On Fri, Oct 27, 2006 at 06:17:19PM +0900 or thereabouts, Masayoshi Mikami 
wrote:
> Dear Yu,
> 
> We have little information about your crystal model,
> so my reply may be rather general ... In principle,
> the VCA should be applied for chemically similar ions,
> typically, Sr and Ba etc. I heard that someone VCA applied
> to "Zn and Mg" for "Zn_1-x Mg_x O" --  and it failed --.
> It is quite understandable; Zn (with d shallow core) and
> Mg (without d) are not similar at all.
> Thus, we should not use the VCA for heterovalent ions in general.
> 
> Yet, I come to think that the VCA for heterovalent ions might work
> for some limited cases. One **weird** example ;-) is,
>       http://dx.doi.org/10.1002/pssa.200669547
> Here I used ABINIT. Kindly read the above paper for details.
> In this case, an artificial cation (Z=13.5, ionic charge=+3.5
> as the simple average of Al3+ and Si4+) was treated in the VCA
> implemented in the ABINIT.
> However, I should reiterate that this kind of "luck" may not be
> expected for any kinds of heterovalent solid solutions, in general.
> One should start from some supercells with assumptions of
> the (positional) configuration of heterovalent ions. (I did them first.)
> 
> About the VCA implementation, the following paper may be referred:
>       Ph. Ghosez et al., AIP Conf. Proc. 535, 102 (2000)
> (You can find papers on typical VCA implementations by Google/
>  Google Scholar). There are several ways of averaging.
> ABINIT gives just pseudopotential-averaging.
> Profl Andrew Rappe's Group has other implementations,
> i.e. eigenvalue/eigenfunction-averaging...
> (if I remember correctly... please check their papers on PRB.)
> 
> In ABINIT,
> VCA Examples can be found in Test_v3/t90-t95 of v.4.6.5,
> or, tests/v3/Input/t90-t95 of v.5.2.3.  You might want to
> see the "deliberately unphysical example" in v3/t95;
> the reference output is archived in the ABINIT src.tar.gz ball.

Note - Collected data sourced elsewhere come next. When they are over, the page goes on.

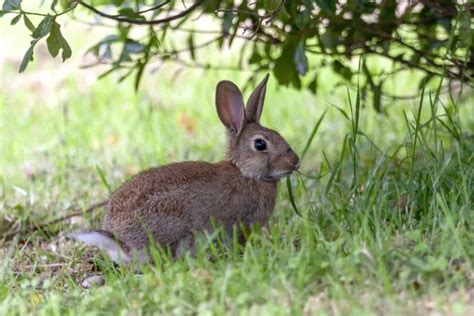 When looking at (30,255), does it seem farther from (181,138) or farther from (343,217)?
(181,138)

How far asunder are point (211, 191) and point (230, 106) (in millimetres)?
625

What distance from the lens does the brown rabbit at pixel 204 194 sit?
15.5 feet

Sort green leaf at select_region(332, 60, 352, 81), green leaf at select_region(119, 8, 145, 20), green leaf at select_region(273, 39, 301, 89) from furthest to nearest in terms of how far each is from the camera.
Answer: green leaf at select_region(332, 60, 352, 81) → green leaf at select_region(273, 39, 301, 89) → green leaf at select_region(119, 8, 145, 20)

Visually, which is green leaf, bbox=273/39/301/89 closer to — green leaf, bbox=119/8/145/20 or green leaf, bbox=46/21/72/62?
green leaf, bbox=119/8/145/20

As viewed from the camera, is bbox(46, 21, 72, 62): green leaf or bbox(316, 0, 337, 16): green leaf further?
bbox(316, 0, 337, 16): green leaf

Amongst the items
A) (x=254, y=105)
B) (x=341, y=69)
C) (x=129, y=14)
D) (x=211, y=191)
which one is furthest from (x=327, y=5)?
(x=341, y=69)

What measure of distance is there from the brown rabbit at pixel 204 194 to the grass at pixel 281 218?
163 mm

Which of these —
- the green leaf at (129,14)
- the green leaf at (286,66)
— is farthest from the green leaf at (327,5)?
the green leaf at (129,14)

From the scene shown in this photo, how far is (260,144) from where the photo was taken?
5.14 metres

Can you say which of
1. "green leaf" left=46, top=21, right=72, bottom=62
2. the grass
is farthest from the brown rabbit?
"green leaf" left=46, top=21, right=72, bottom=62

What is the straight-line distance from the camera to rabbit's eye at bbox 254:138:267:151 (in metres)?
5.12

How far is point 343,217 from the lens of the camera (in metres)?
4.64

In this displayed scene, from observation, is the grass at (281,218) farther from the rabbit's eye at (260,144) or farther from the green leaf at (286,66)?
the green leaf at (286,66)

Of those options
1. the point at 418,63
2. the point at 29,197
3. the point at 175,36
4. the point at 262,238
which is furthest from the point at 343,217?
the point at 175,36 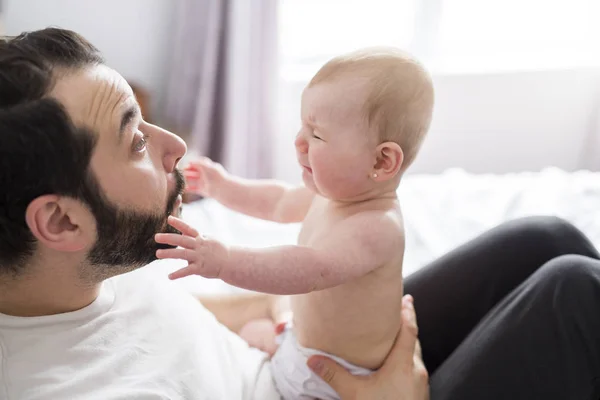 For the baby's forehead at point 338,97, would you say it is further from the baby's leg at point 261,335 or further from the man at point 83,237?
the baby's leg at point 261,335

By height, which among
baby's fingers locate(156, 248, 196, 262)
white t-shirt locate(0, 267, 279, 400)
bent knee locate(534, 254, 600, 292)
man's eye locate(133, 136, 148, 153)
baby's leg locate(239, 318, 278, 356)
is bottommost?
baby's leg locate(239, 318, 278, 356)

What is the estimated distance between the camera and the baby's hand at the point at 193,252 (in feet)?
2.77

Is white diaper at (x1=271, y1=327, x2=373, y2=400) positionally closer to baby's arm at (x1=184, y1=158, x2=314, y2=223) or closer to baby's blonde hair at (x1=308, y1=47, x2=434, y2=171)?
baby's arm at (x1=184, y1=158, x2=314, y2=223)

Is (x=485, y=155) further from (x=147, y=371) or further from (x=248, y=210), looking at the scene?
(x=147, y=371)

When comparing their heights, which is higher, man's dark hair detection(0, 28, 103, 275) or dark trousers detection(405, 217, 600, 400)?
man's dark hair detection(0, 28, 103, 275)

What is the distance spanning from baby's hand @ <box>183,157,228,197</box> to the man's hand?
445 millimetres

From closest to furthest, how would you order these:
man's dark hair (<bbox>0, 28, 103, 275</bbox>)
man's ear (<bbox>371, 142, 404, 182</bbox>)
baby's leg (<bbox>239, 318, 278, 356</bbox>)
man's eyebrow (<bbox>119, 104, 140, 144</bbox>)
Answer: man's dark hair (<bbox>0, 28, 103, 275</bbox>), man's eyebrow (<bbox>119, 104, 140, 144</bbox>), man's ear (<bbox>371, 142, 404, 182</bbox>), baby's leg (<bbox>239, 318, 278, 356</bbox>)

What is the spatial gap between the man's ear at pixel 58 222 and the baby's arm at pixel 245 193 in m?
0.43

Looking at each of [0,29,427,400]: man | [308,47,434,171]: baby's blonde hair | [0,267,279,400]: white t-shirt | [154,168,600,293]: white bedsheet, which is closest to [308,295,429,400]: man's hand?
[0,29,427,400]: man

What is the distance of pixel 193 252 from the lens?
85cm

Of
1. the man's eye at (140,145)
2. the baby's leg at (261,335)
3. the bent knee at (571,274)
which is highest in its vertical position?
the man's eye at (140,145)

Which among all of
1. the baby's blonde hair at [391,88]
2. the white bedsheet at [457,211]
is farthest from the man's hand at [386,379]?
the white bedsheet at [457,211]

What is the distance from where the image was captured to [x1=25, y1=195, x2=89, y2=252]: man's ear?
84 centimetres

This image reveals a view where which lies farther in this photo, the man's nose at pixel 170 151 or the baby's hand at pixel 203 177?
the baby's hand at pixel 203 177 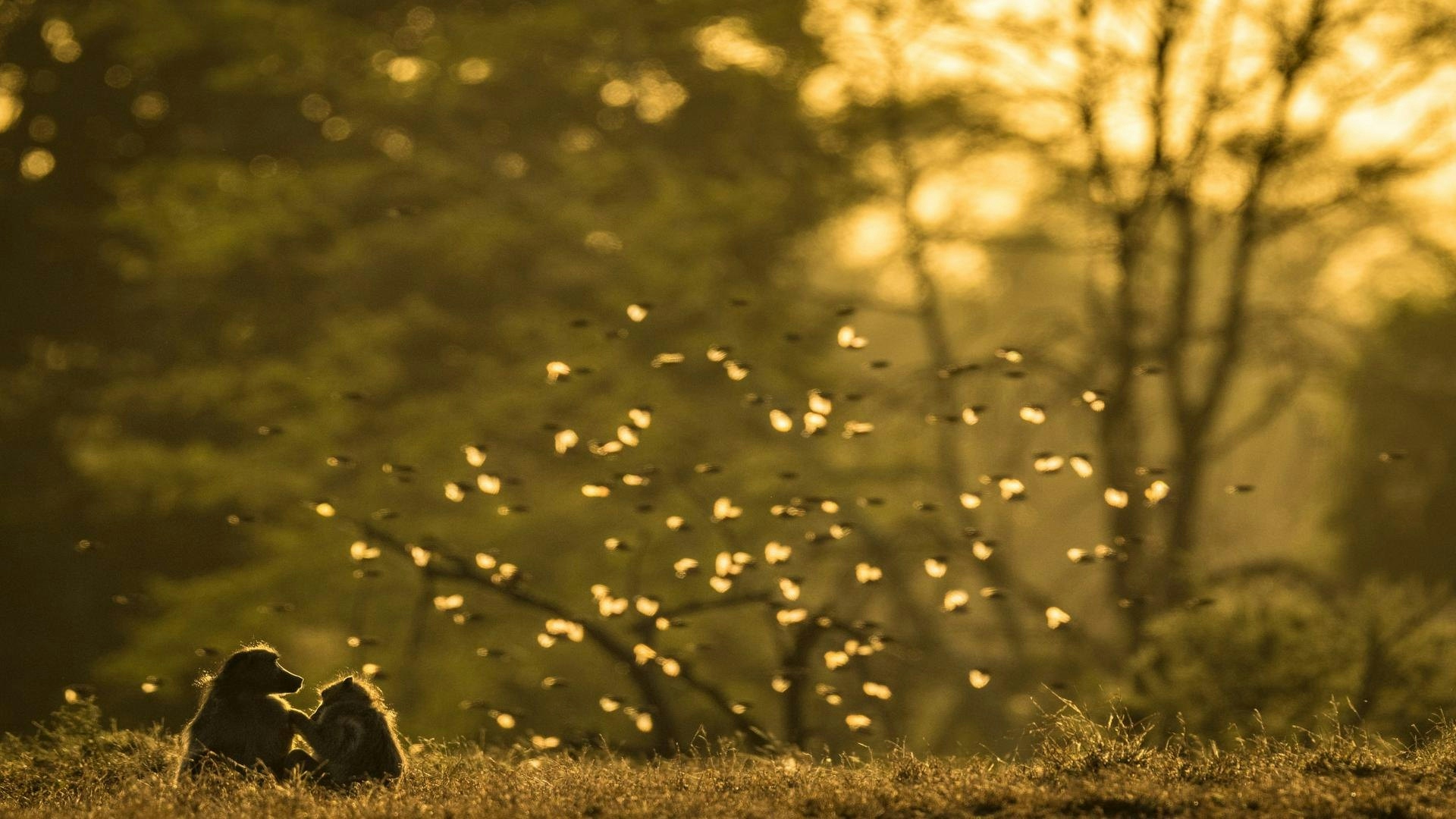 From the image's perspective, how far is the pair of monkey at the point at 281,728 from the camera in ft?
26.7

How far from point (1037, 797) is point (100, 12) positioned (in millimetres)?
18583

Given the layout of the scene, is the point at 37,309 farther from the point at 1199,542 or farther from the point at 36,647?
the point at 1199,542

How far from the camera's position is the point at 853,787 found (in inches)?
307

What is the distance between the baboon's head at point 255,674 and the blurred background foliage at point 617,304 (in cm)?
922

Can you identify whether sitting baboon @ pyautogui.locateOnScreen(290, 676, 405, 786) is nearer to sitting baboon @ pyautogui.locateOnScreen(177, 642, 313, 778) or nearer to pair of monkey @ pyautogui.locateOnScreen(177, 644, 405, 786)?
pair of monkey @ pyautogui.locateOnScreen(177, 644, 405, 786)

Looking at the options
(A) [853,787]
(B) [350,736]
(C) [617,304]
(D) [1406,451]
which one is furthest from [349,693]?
(D) [1406,451]

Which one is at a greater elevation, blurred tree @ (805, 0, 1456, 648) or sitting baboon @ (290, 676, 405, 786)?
blurred tree @ (805, 0, 1456, 648)

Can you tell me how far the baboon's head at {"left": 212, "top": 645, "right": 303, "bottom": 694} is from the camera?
8375 mm

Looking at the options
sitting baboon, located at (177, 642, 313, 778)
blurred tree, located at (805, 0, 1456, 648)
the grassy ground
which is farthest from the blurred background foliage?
sitting baboon, located at (177, 642, 313, 778)

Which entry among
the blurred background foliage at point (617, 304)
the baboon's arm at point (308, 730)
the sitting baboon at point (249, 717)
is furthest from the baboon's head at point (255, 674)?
the blurred background foliage at point (617, 304)

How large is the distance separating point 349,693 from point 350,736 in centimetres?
23

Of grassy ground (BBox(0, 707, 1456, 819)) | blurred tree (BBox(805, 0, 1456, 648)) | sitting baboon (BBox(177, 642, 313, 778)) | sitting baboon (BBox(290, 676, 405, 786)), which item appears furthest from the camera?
blurred tree (BBox(805, 0, 1456, 648))

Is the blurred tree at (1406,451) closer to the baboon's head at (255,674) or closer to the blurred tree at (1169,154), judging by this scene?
the blurred tree at (1169,154)

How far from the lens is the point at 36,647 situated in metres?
20.8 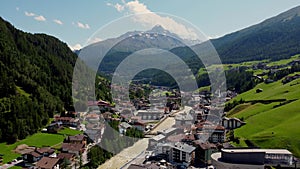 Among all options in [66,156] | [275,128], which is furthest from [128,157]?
[275,128]

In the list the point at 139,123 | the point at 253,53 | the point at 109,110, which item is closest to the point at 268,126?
the point at 139,123

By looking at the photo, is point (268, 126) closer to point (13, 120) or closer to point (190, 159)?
point (190, 159)

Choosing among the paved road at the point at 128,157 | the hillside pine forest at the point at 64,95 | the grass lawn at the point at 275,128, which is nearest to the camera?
the paved road at the point at 128,157

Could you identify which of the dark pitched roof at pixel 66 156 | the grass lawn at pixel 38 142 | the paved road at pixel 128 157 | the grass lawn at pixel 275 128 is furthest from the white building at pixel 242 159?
the grass lawn at pixel 38 142

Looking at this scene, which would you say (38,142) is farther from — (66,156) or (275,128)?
(275,128)

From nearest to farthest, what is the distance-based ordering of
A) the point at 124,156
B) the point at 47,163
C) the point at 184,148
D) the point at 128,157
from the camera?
the point at 47,163 < the point at 184,148 < the point at 128,157 < the point at 124,156

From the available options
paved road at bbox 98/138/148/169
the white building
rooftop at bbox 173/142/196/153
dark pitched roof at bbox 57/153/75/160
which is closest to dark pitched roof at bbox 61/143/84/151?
dark pitched roof at bbox 57/153/75/160

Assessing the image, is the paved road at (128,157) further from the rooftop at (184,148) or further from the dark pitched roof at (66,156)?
the dark pitched roof at (66,156)

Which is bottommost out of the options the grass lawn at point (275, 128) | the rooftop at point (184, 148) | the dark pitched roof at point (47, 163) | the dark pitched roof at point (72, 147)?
the dark pitched roof at point (47, 163)

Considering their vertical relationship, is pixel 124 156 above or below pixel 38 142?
below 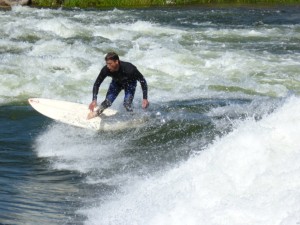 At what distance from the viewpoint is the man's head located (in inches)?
412

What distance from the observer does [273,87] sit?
52.1 ft

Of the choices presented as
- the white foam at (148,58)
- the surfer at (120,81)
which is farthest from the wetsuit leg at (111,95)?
the white foam at (148,58)

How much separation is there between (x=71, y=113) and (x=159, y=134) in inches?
62.4

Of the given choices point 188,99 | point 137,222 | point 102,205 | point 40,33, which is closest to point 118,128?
point 188,99

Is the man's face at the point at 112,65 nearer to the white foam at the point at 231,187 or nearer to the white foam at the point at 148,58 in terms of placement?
the white foam at the point at 231,187

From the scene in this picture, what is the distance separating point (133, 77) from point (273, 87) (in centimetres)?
568

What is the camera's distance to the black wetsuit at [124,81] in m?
11.0

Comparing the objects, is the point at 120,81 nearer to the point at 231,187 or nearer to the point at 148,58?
the point at 231,187

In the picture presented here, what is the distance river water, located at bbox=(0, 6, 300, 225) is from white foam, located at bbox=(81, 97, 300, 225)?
2cm

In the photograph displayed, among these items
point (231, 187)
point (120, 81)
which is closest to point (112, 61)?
point (120, 81)

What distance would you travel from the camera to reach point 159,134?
11.3 metres

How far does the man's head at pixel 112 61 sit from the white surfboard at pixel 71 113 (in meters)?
1.10

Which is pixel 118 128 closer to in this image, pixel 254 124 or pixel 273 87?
pixel 254 124

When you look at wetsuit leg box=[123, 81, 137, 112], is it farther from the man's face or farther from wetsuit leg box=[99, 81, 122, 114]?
the man's face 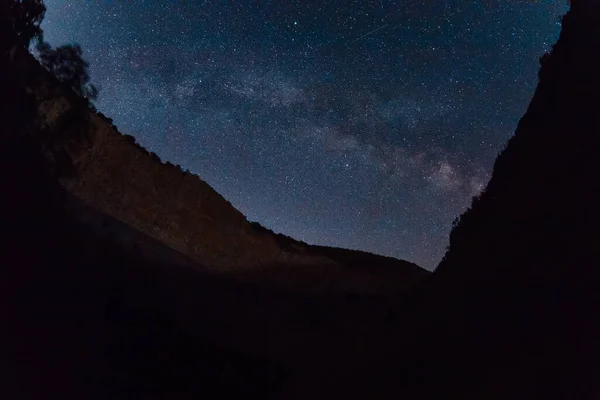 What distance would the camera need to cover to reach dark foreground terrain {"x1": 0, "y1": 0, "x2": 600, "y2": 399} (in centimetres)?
837

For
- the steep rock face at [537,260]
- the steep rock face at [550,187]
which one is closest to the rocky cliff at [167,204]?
the steep rock face at [550,187]

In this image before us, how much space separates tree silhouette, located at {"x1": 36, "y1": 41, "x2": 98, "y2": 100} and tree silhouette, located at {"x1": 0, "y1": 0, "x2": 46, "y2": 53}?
1.47 feet

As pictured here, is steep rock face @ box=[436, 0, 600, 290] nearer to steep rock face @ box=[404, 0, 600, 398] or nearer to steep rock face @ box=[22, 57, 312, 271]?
steep rock face @ box=[404, 0, 600, 398]

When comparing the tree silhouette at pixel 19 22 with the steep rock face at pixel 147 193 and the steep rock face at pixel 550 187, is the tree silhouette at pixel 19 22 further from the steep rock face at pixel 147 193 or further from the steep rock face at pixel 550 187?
the steep rock face at pixel 550 187

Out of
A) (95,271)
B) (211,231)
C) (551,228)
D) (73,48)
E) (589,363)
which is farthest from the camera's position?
(211,231)

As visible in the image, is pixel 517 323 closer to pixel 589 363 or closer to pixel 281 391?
pixel 589 363

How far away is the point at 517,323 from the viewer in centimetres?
873

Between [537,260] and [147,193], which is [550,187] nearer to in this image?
[537,260]

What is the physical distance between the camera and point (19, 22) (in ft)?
37.6

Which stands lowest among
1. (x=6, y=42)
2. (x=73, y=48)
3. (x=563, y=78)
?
(x=6, y=42)

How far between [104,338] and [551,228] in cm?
855

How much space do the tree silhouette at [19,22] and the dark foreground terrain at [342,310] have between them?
75 cm

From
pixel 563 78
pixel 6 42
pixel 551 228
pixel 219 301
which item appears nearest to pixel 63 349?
pixel 219 301

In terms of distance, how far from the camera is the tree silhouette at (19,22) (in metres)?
11.0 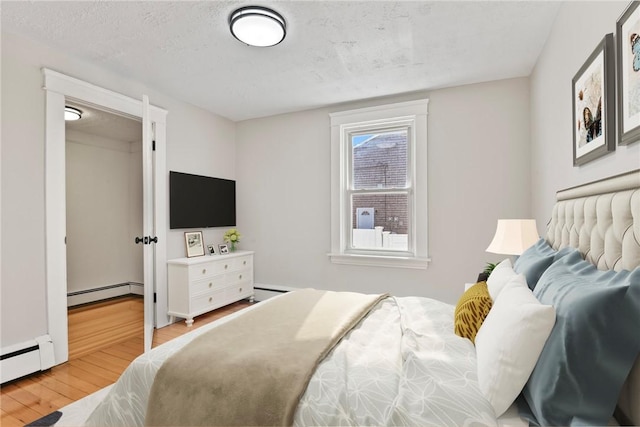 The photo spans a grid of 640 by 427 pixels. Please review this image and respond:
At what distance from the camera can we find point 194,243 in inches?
156

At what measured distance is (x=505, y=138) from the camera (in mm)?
3242

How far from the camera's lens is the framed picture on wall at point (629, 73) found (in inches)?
47.1

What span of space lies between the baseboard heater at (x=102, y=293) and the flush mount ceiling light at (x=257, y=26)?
417cm

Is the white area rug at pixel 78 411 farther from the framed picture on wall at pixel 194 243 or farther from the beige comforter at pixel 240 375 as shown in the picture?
the framed picture on wall at pixel 194 243

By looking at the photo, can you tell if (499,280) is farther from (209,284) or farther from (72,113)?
(72,113)

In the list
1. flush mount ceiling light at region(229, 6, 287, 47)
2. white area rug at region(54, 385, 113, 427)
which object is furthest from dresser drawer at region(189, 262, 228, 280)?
flush mount ceiling light at region(229, 6, 287, 47)

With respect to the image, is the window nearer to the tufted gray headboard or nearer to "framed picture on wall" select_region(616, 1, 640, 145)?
the tufted gray headboard

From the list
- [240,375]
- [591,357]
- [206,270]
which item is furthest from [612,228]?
[206,270]

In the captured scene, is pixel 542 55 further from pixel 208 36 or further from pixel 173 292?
pixel 173 292

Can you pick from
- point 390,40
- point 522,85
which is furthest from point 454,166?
point 390,40

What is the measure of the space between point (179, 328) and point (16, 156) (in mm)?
2115

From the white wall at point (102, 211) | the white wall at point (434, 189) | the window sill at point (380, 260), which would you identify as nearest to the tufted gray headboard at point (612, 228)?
the white wall at point (434, 189)

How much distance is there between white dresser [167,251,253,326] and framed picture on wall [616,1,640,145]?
3.55 metres

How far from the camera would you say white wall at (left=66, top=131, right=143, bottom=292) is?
447cm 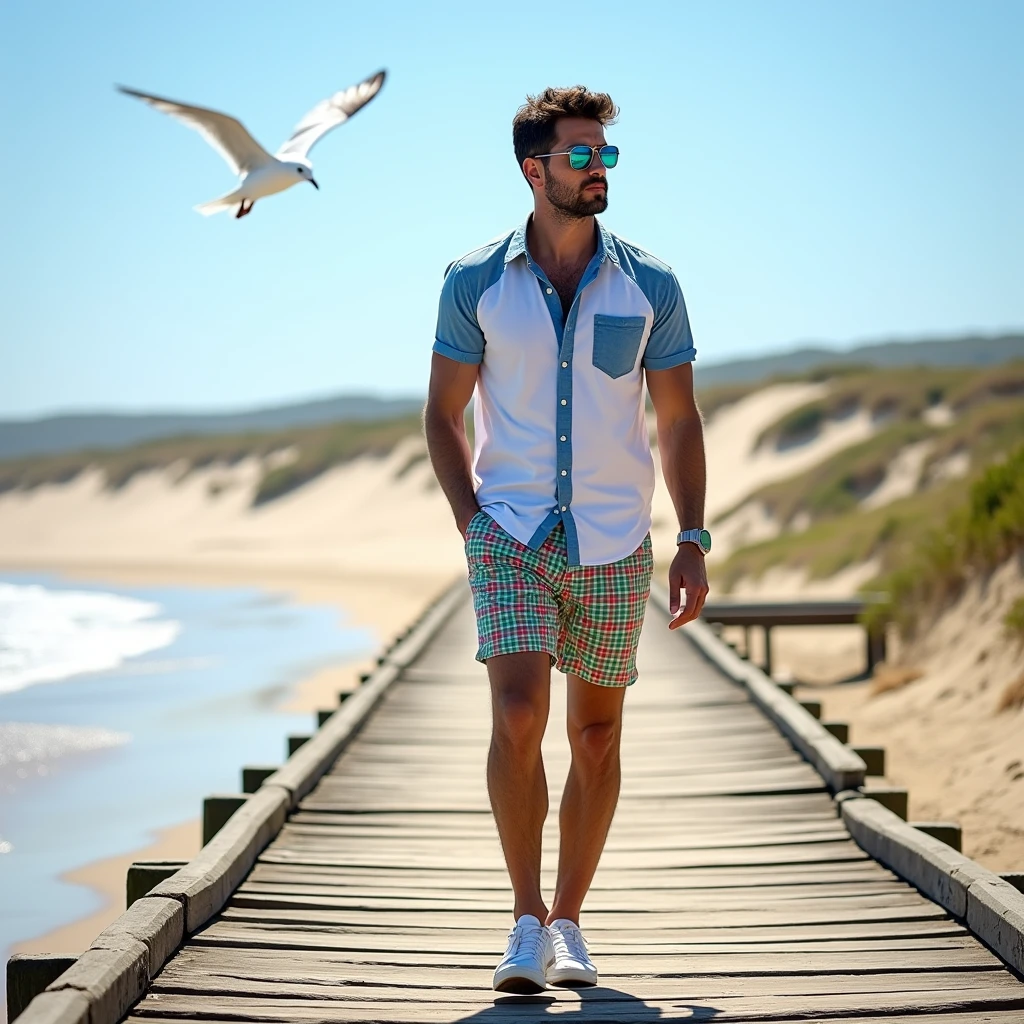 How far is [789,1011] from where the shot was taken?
3.55m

> you will see "how the values are averaged."
> 
> Hope this helps & Good luck (indeed),
> Masayoshi
> 
> On 2006/10/26, at 0:14, Chol-Jun Yu wrote:
> 
> >Dear ABINIT users,
> >
> >recently I am interested in solid solutions. I decided to use the  
> >VCA method.
> >So I generated the pseudopotential of the virtual atom, composed of  
> >the
> >component atoms, using fhi98PP software. Then, when I use it in  
> >order to
> >calculate the property of the solid solution in ABINIT, there is a  
> >problem.
> >
> >Is it possible if the atomic number is a decimal fraction?
> >At this time, how can be estimated the Ewald energy, atomic mass,  
> >number of
> >bands in ABINIT?
> >
> >Best regards,
> >
> >Yu.
> >-- 
> >
> >Computational Materials Engineering(CME)
> >Center for Computational Engineering Science(CCES)
> >Institute of Mineral Engineering(GHI)
> >RWTH Aachen
> >Mauerstrasse 5
> >D-52064 Aachen, Germany
> >Tel: ++49 241 80 94969
> >Fax: ++49 241 80 92271
> >e-mail: yucj@ghi.rwth-aachen.de
> >homepage: http://www.ghi.rwth-aachen.de/www/
> >
> >